On Monday, District of Columbia Mayor Muriel Bowser announced that professional sports teams can now ask for waivers to allow limited seating at their venues. Daniel Miller of WJLA-TV wrote a summary of the changes which also include extending the “last call” for alcohol to 12 a.m., opening high school sports and fitness classes. The announcements come as coronavirus cases drop in Washington and nationwide.
For the purposes of this article, we’ll focus solely on professional sports teams’ requests to bring fans to games.
Currently, sports teams cannot host fans in their stadiums. That said, two teams were already granted permission to host games this season: The MLB’s Washington Nationals can host up to 5,000 fans on April 1 for their home opener, since they apparently may not have applied for a waiver to hold fans yet. And the MLS’s DC United will host up to 2,000 fans for their home opener on April 17 since they have done so already. These teams play in outdoor venues, so it is presumably easier for them to host fans, especially now that the weather is improving.

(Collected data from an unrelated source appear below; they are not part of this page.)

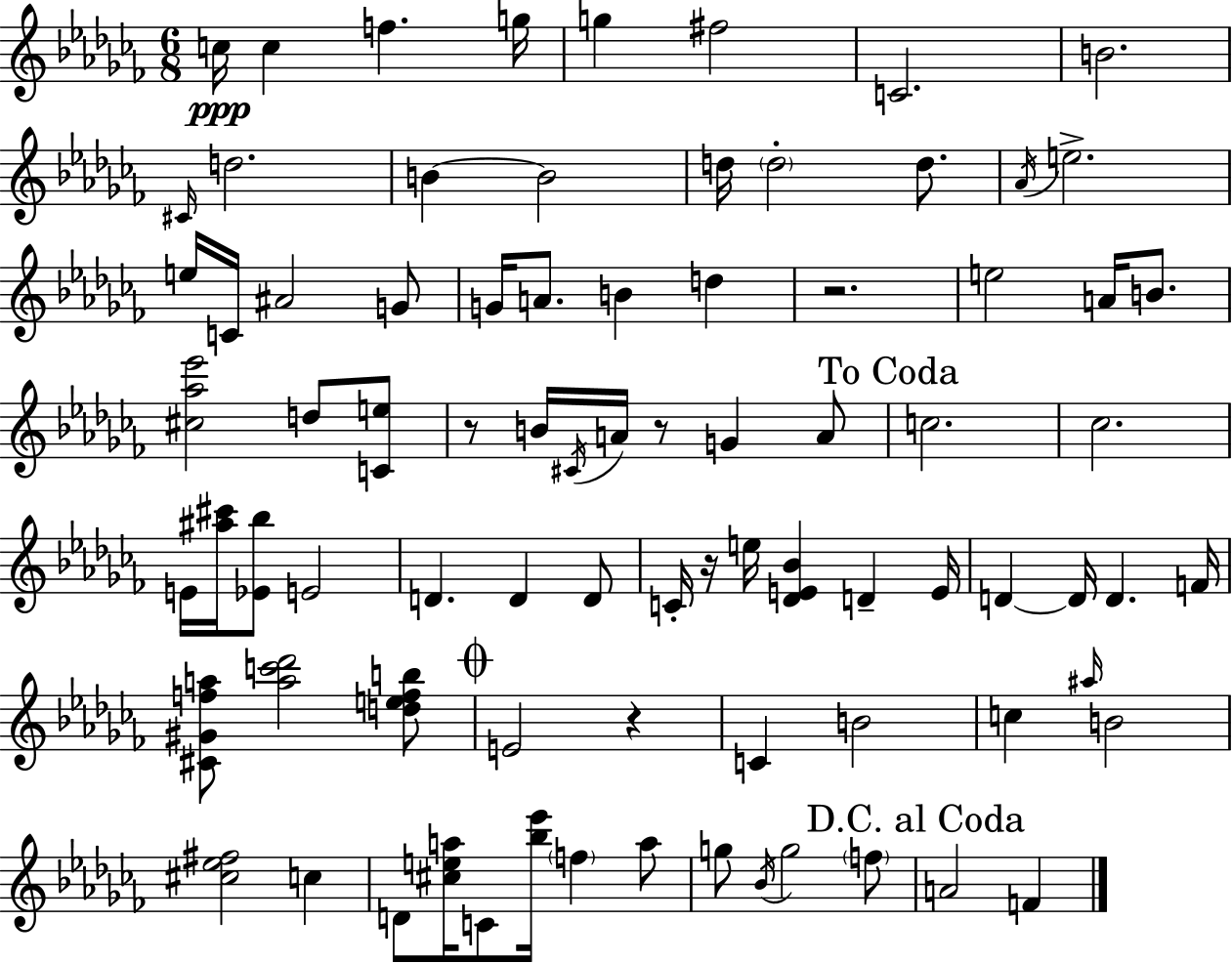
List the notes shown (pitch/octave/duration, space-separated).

C5/s C5/q F5/q. G5/s G5/q F#5/h C4/h. B4/h. C#4/s D5/h. B4/q B4/h D5/s D5/h D5/e. Ab4/s E5/h. E5/s C4/s A#4/h G4/e G4/s A4/e. B4/q D5/q R/h. E5/h A4/s B4/e. [C#5,Ab5,Eb6]/h D5/e [C4,E5]/e R/e B4/s C#4/s A4/s R/e G4/q A4/e C5/h. CES5/h. E4/s [A#5,C#6]/s [Eb4,Bb5]/e E4/h D4/q. D4/q D4/e C4/s R/s E5/s [Db4,E4,Bb4]/q D4/q E4/s D4/q D4/s D4/q. F4/s [C#4,G#4,F5,A5]/e [A5,C6,Db6]/h [D5,E5,F5,B5]/e E4/h R/q C4/q B4/h C5/q A#5/s B4/h [C#5,Eb5,F#5]/h C5/q D4/e [C#5,E5,A5]/s C4/e [Bb5,Eb6]/s F5/q A5/e G5/e Bb4/s G5/h F5/e A4/h F4/q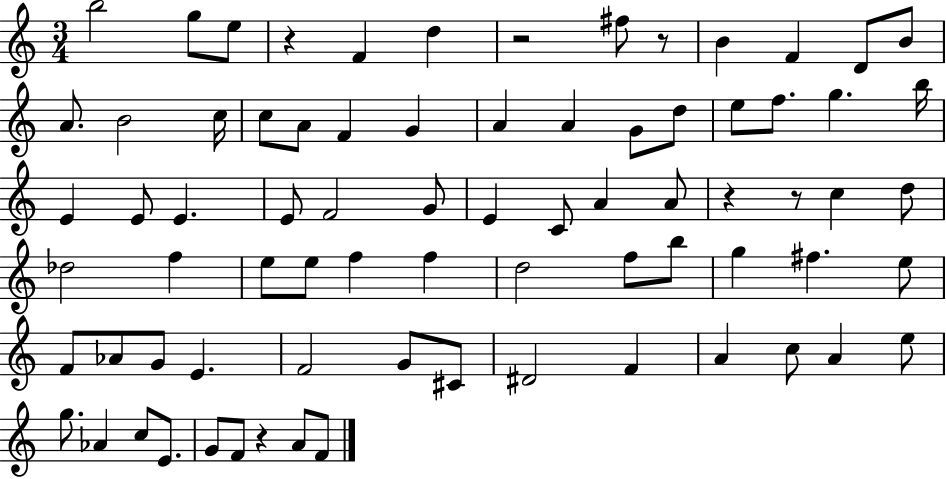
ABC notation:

X:1
T:Untitled
M:3/4
L:1/4
K:C
b2 g/2 e/2 z F d z2 ^f/2 z/2 B F D/2 B/2 A/2 B2 c/4 c/2 A/2 F G A A G/2 d/2 e/2 f/2 g b/4 E E/2 E E/2 F2 G/2 E C/2 A A/2 z z/2 c d/2 _d2 f e/2 e/2 f f d2 f/2 b/2 g ^f e/2 F/2 _A/2 G/2 E F2 G/2 ^C/2 ^D2 F A c/2 A e/2 g/2 _A c/2 E/2 G/2 F/2 z A/2 F/2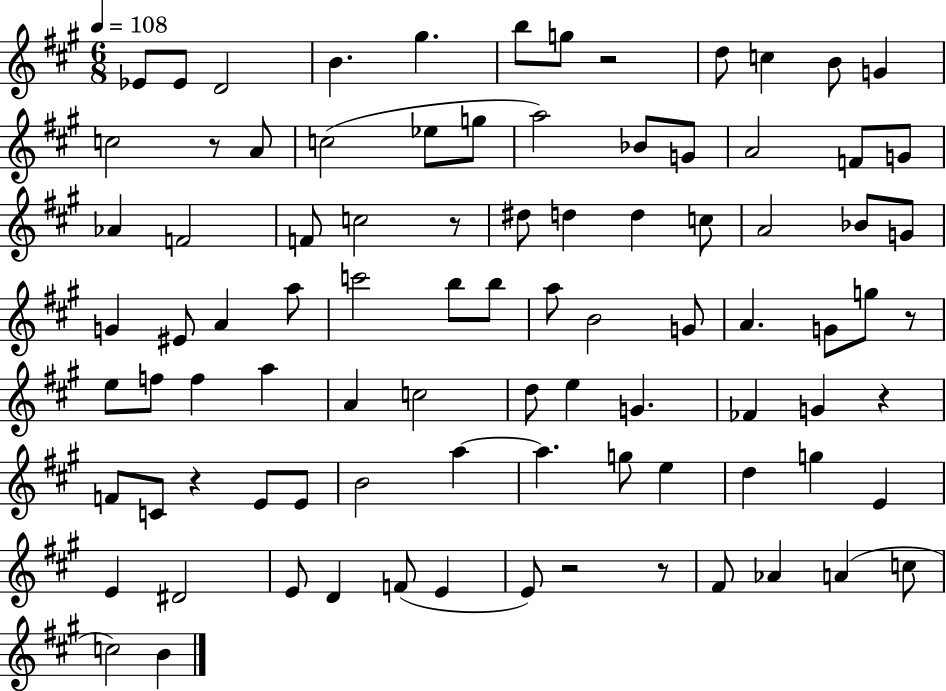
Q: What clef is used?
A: treble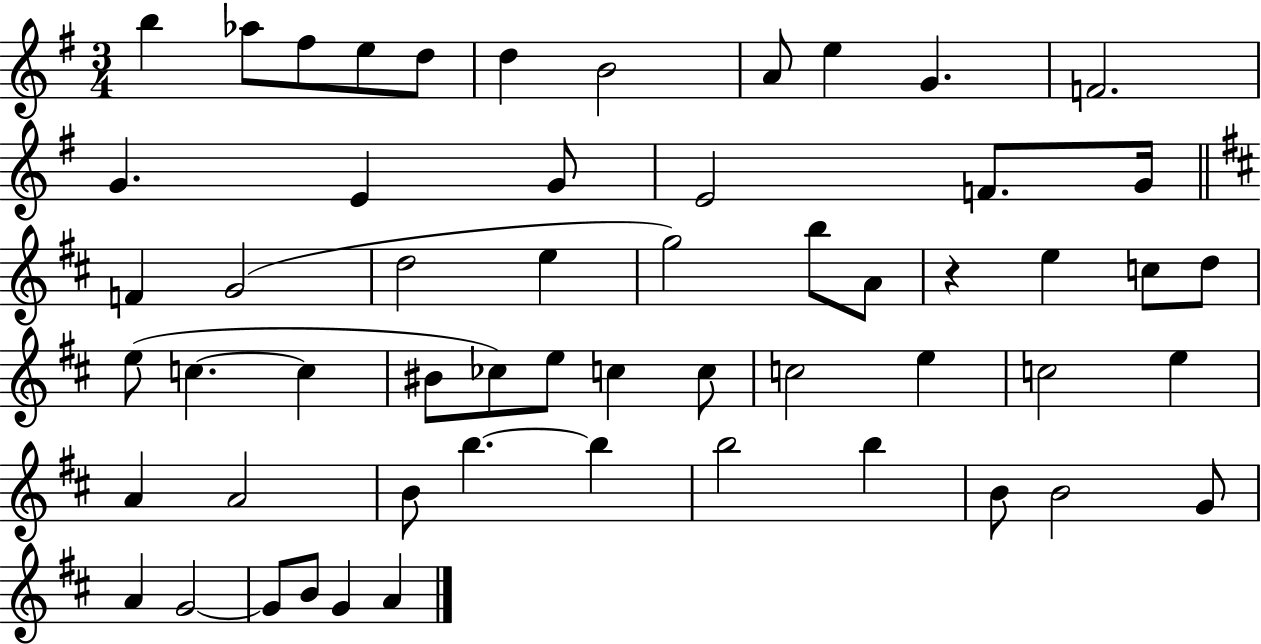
B5/q Ab5/e F#5/e E5/e D5/e D5/q B4/h A4/e E5/q G4/q. F4/h. G4/q. E4/q G4/e E4/h F4/e. G4/s F4/q G4/h D5/h E5/q G5/h B5/e A4/e R/q E5/q C5/e D5/e E5/e C5/q. C5/q BIS4/e CES5/e E5/e C5/q C5/e C5/h E5/q C5/h E5/q A4/q A4/h B4/e B5/q. B5/q B5/h B5/q B4/e B4/h G4/e A4/q G4/h G4/e B4/e G4/q A4/q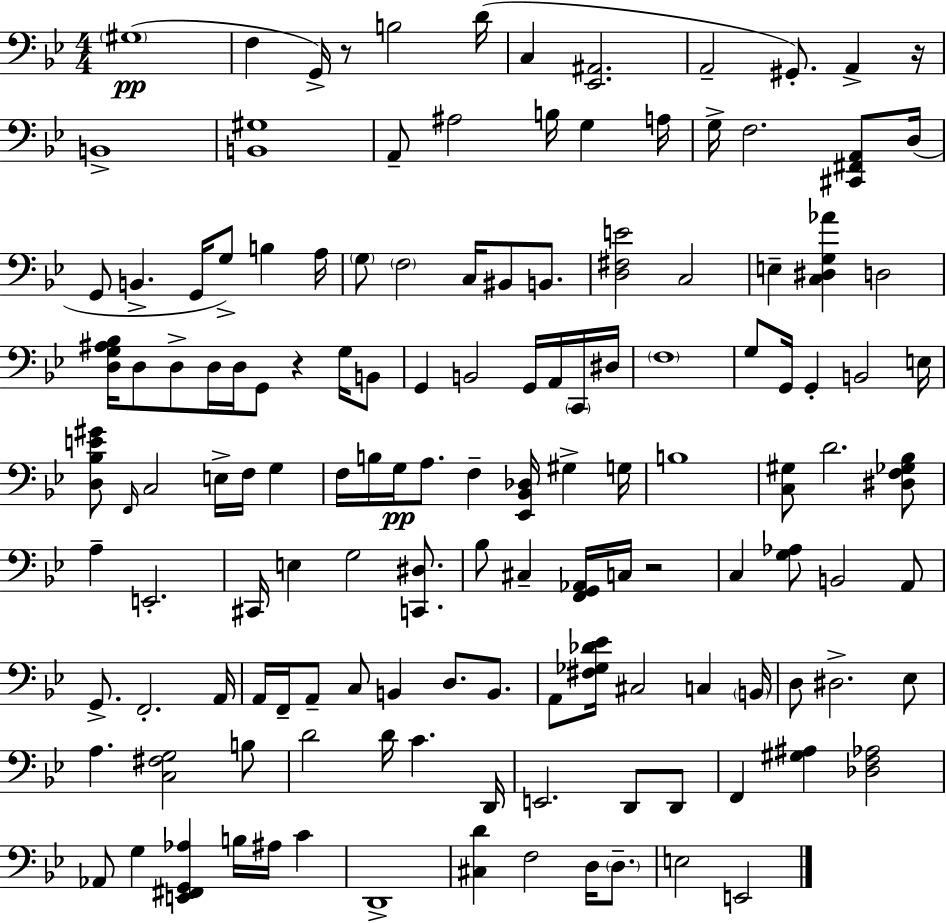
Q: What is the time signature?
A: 4/4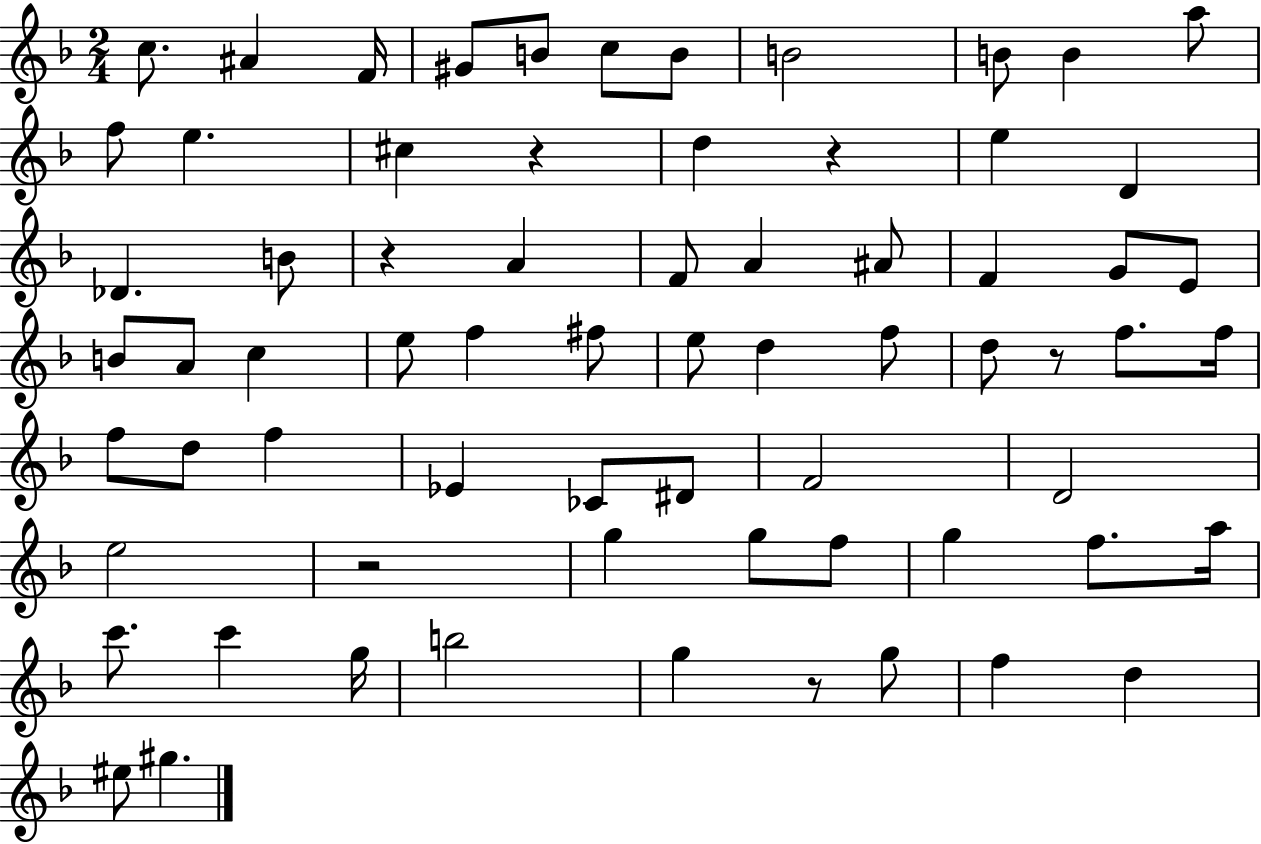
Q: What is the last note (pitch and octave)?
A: G#5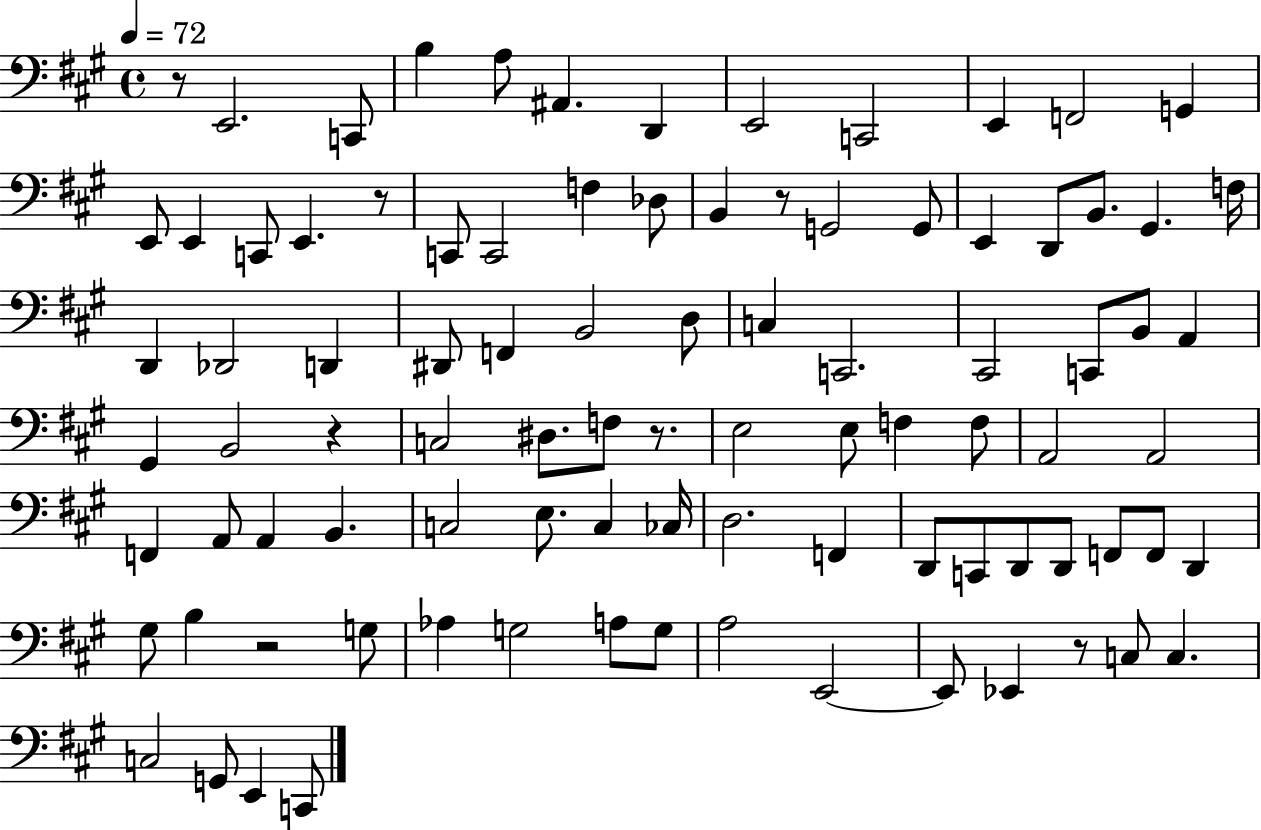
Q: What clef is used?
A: bass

Monumental Sports & Entertainment, which owns the Wizards, Mystics and Capitals will also apply for a waiver. According to Andrew Beaujon of Washingtonian Magazine, MSE Chief Administration Officer Monica Dixon said in a statement that the organization has submitted a waiver so the Wizards and Capitals can play games at Capital One Arena.
When can we expect Wizards and Capitals fans back at Cap One?
Given that DC United will host a game with fans on April 17 and the Nationals will likely have fans on April 1, we can expect to see the Wizards and Capitals to host some fans sometime in April as well. Capacity will probably not be over 10 percent initially.
The D.C. government is hedging on the possibility of changing capacity limits in April. If the situation continues to stay steady or improved, perhaps more fans will be allowed. However, if things get worse because of more contagious variants, sports teams may not be allowed to have fans in the coming weeks.
What about the Mystics?
The Mystics won’t play until May and the 2021 WNBA schedule still hasn’t been released yet.
Given what other teams are facing, they will likely have similar capacity restrictions at the Entertainment and Sports Arena, the smallest home venue in the WNBA. To limit ticket revenue losses, they could also move back to Capital One Arena (it was their sole home from 1998-2018) while also complying with regulations.